Nessun reato di appropriazione indebita ma esercizio del diritto di ritenzione, se la donna è creditrice nei confronti dell'ex marito

di Marina Crisafi - Non è punibile per appropriazione indebita la moglie che fa sparire i mobili dalla casa dell'ex marito. Lo ha stabilito la Corte d'Appello di Palermo, in una recente sentenza (la n. 2349/2015 qui sotto allegata) dando ragione ad una donna condannata in primo grado a due mesi di carcere, oltre alla multa e al risarcimento del danno, per il reato ex art. 646 c.p. per aver "svuotato" la casa dell'ex coniuge, appropriandosi di arredi, mobili e suppellettili nella stessa detenuti e trasportandoli presso la propria.

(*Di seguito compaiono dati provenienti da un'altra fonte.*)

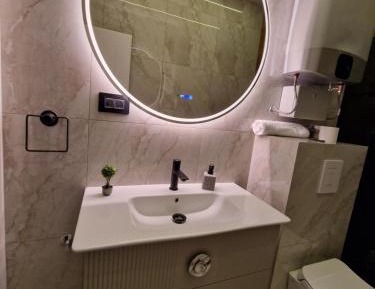 Superior Double or Twin Room with Garden View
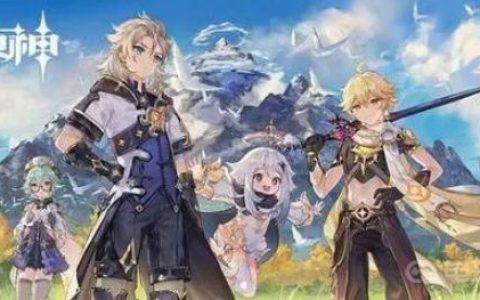 《原神》单人打狼王怎么打？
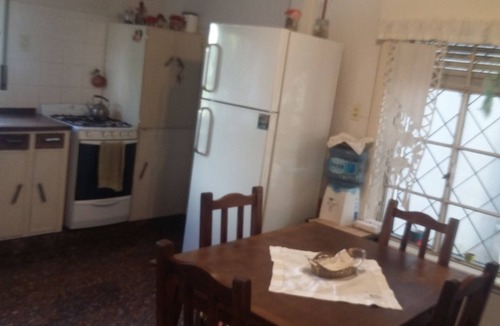 General San Martin House | Very nice house with great garden, ideal green lovers.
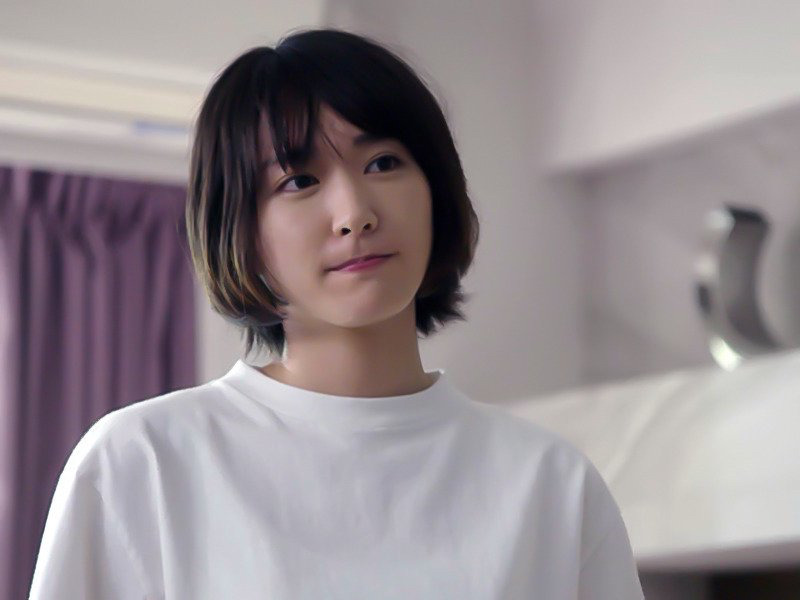 일본 특유의 단발~숏컷 헤어스타일 | 인스티즈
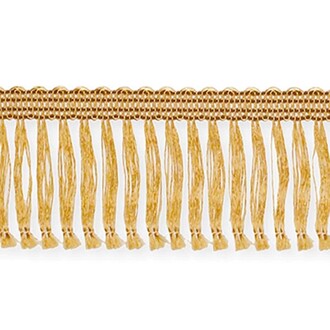 Silk Hair Fringe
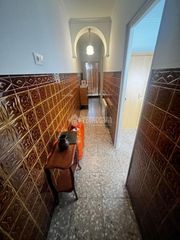 Doppelhaus in Centro. Casa en venta en puertollano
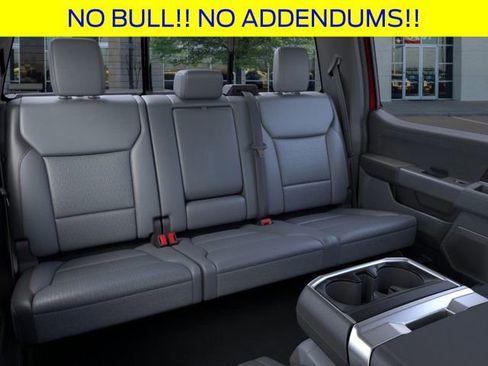 New 2026 Ford F150 Lariat w/ Equipment Group 502A High image 12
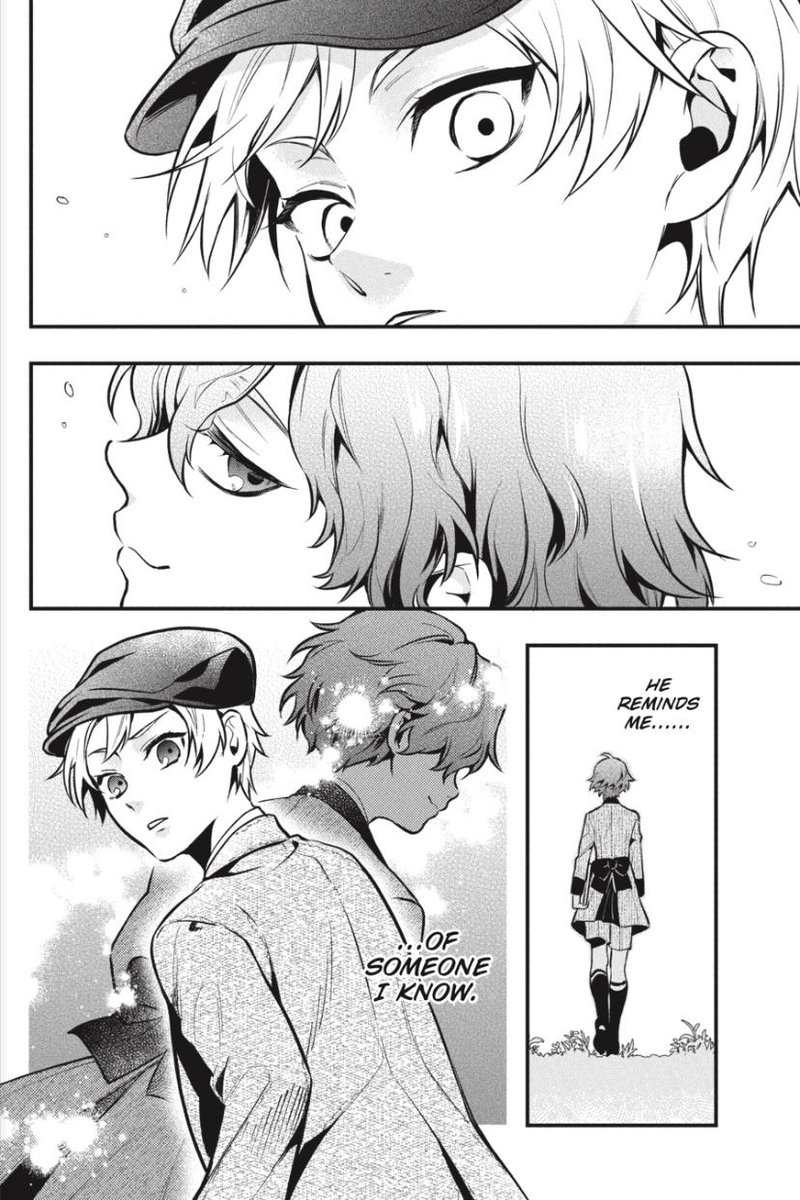 Kuroshitsuji Chapter 196 - Page 14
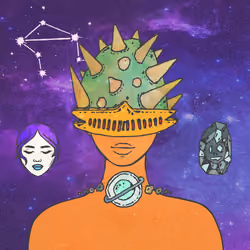 Divine Order of the Zodiac #3806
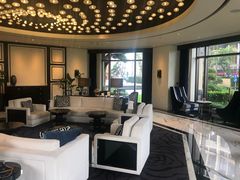 -上海苏宁宝丽嘉酒店·嘉府壹号中餐厅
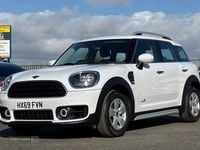 Used Mini Cooper S Countryman Classic 2020 SUV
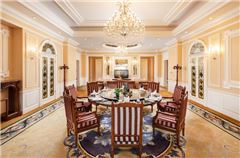 le restaurant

La donna proponeva appello, lamentando, tra le altre cose, che i beni mobili in questione erano di proprietà comune e non solo dell'ex e sostenendo di averli semplicemente spostati da un appartamento all'altro, invocando, infine, la carenza dell'elemento soggettivo del reato contestato.

Per il giudice d'appello, la donna ha ragione.

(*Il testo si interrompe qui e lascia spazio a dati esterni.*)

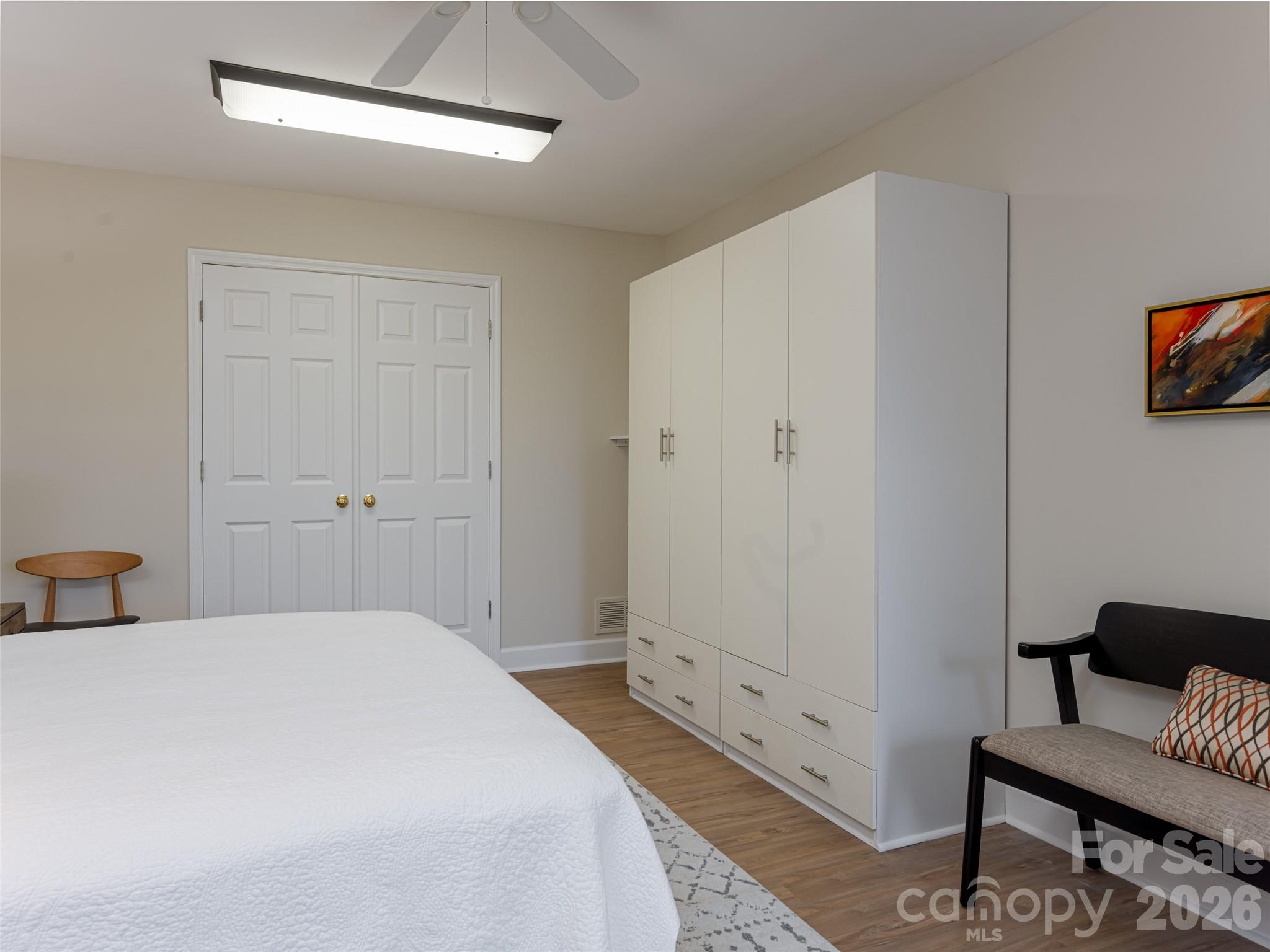 The Pinnacle At Park Avenue - Residential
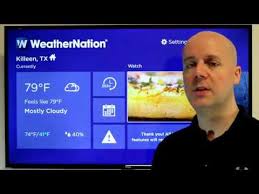 26.03.2019 · the good news is pluto tv added a travel channel 610 that includes a ton of content from partners like the weather channel's coast gaurd flordia show. Top 5 Free Roku Weather Channels Youtube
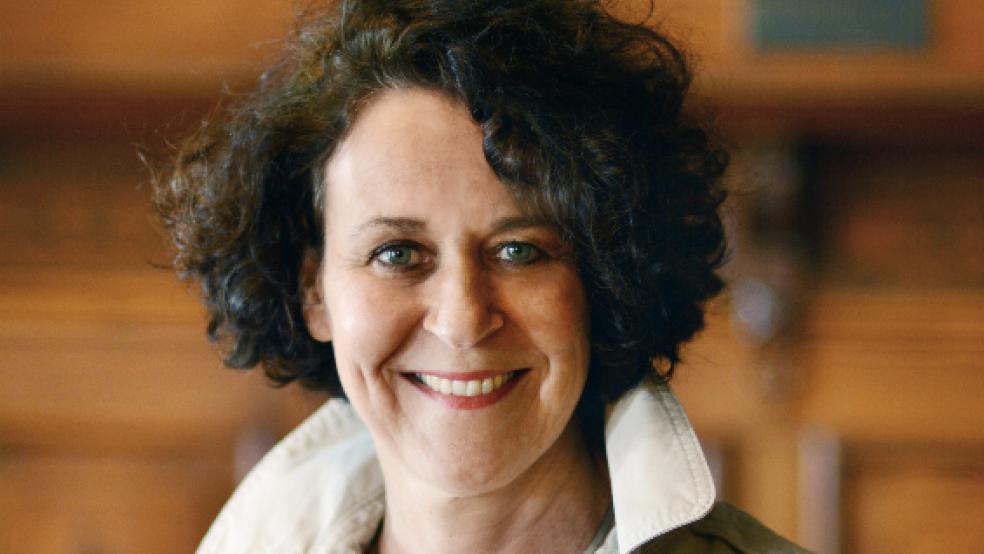 Beatrix Kuhl schreibt in einem Brief an die CDU-Mitglieder von »politischer Kapitulation«. © Foto: privat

Il reato di appropriazione indebita sussiste, ha affermato infatti la corte, quando c'è la consapevolezza da parte dell'agente di conseguire un ingiusto profitto.

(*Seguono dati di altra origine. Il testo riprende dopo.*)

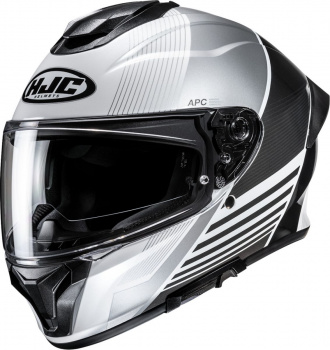Шлем hjc c71 morix mc5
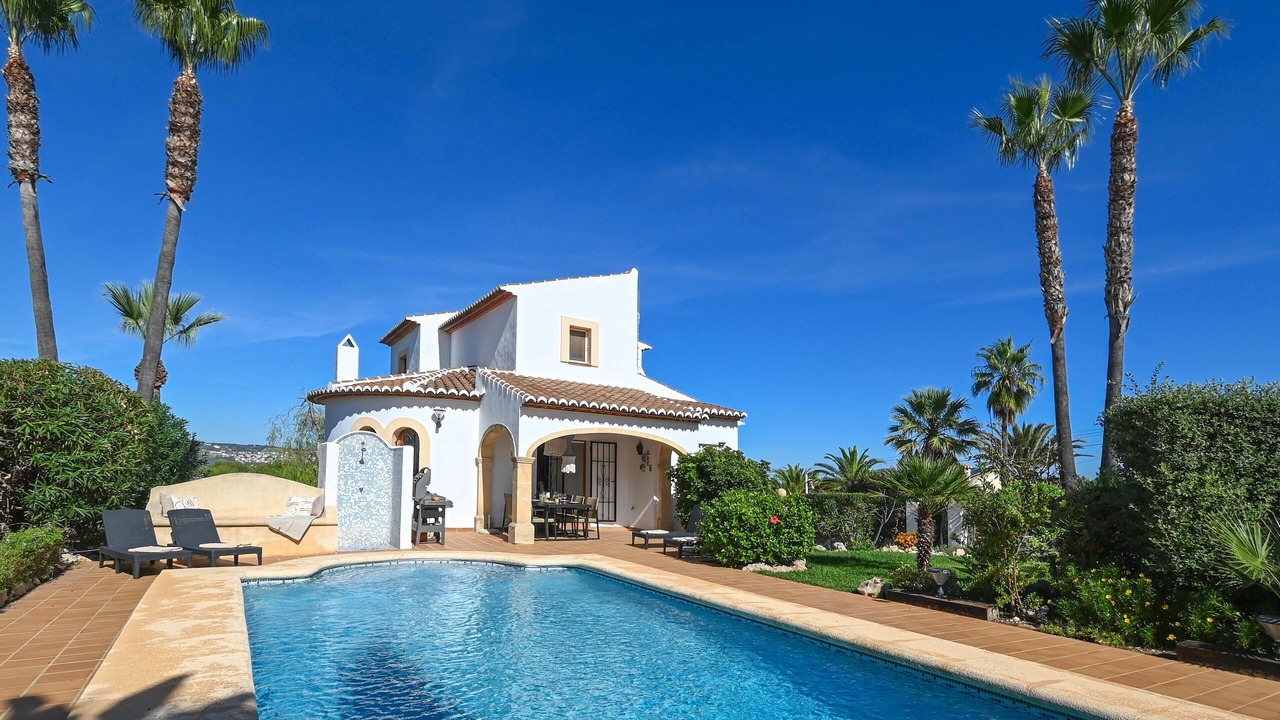 Photo of Outdoor in Javea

Nel caso di specie, invece, non solo, non risulta provata la volontà dell'imputata di appropriarsi dei beni mobili in oggetto, ma occorre tenere conto della circostanza che quanto meno una parte degli stessi ricadeva nella comunione legale tra i coniugi.

Senza contare, inoltre, che (come risultante dall'atto di opposizione a precetto) l'imputata era creditrice nei confronti dell'ex marito per i lavori di miglioramento effettuati nell'appartamento stesso, in precedenza adibito a casa coniugale. E l'espressa dichiarazione della donna di avvalersi del diritto di ritenzione previsto dall'art. 1152 c.c. per il possessore di buona fede, è "evidentemente, incompatibile con la volontà della stessa di appropriarsi dei medesimi immobili al fine di trarne un ingiusto profitto".

Per cui, l'imputata va assolta perché il fatto non costituisce reato.